Exercise:
Only the lines below starting at the one that contains "1FT8W3BT1PED84443 Photo# 5" and ending at the one that contains "A‑dec 511R/532R Dental Chair Package" are to be reproduced, exactly and with both ends kept.

Working data:
—————

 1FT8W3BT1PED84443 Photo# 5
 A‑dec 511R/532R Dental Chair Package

—————

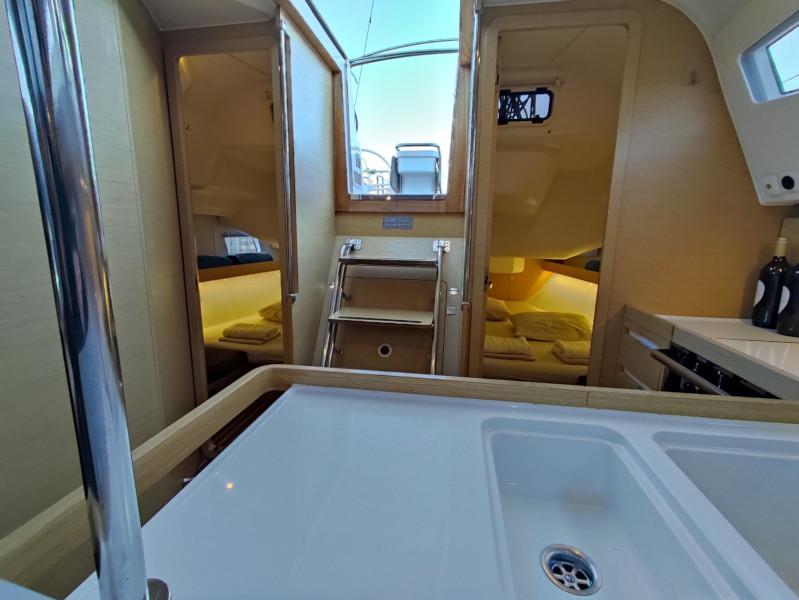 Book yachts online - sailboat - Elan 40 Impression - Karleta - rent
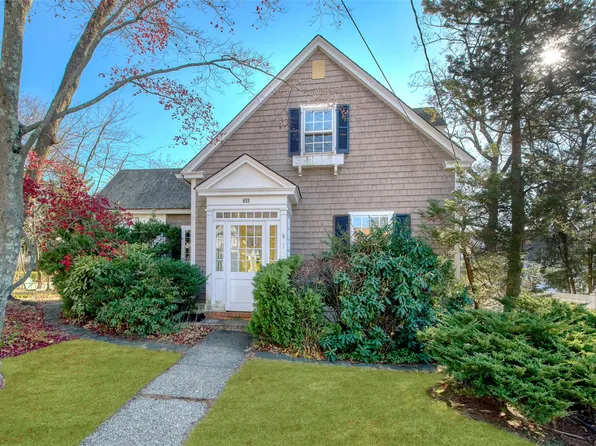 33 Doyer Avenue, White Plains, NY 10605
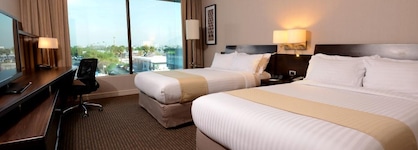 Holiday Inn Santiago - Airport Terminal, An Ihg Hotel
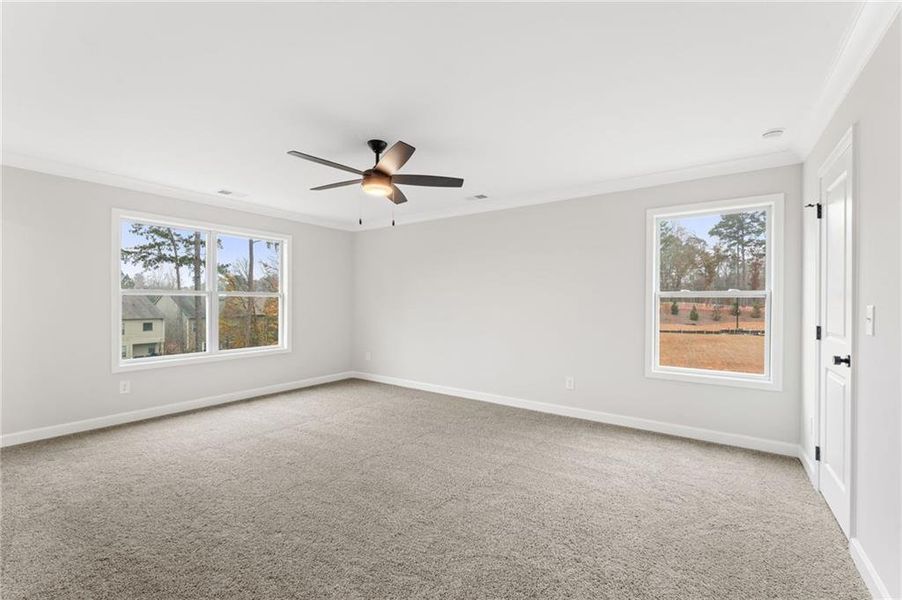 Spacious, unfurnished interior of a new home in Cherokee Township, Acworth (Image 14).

—————

Solution to the exercise:
 1FT8W3BT1PED84443 Photo# 5
 A‑dec 511R/532R Dental Chair Package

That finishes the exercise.